The Last Italian

Many readers will have felt the urge to move to Europe, where one can breakfast in a quaint sidewalk cafe, work on a novel, sip a cup of rich coffee, and then have lunch when the time comes, all the while having not moved from the table. Such fantasies, unfortunately, assume an endless supply of cash. Since the economic status of most readers is not as robust as their dreams, they must depend on people like William Murray to live their fantasies out and report on them.

In THE LAST ITALIAN, Murray, with charm and wit, expresses the vitality of modern Italy. While he does not always paint a rosy picture, one cannot help but sense his love for the country, and taste, through his writing, the richness Italy has to offer. One of greatest contributions Italians have given to the world is food, and Murray fixes the scene in one Roman trattoria with powerful detail: “A meal in Rome, even in the middle of a working day, was an experience to be savored and lingered over and never took less than two or three hours, after which one went home for a snooze before going back to work. At night, long after the tourists had departed for their hotels and pensioni, the Grappolo would remain busy, sometimes until nearly midnight, with tables of diners reluctant to abandon the source of such contentment and still nibbling on cheeses, fruit and dolci, sipping Frascati, sweet wine, santo or a liqueur.”

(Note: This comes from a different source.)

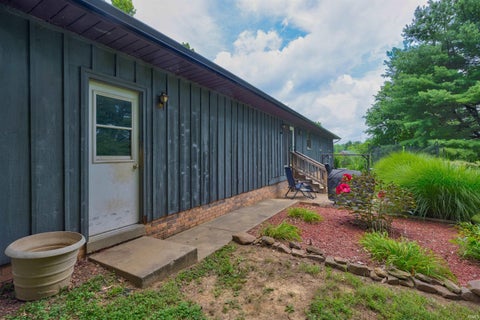 Tiny photo for 649 W Donder Lane, Santa Claus, IN 47579 (MLS # 202627738)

Ah! La dolce vita! But it would be misleading to suggest that THE LAST ITALIAN is only about eating. William Murray had an Italian mother, spent a portion of his childhood living in Italy, and since has lived a part of every year there. Murray knows Italy and its people intimately, and in this book he considers how modern changes have impacted an ancient Italian heritage. Yet despite change, Murray deduces that there is something eternally Italian. “Italy is not simply a geographical entity, but an ethos—a point of view.”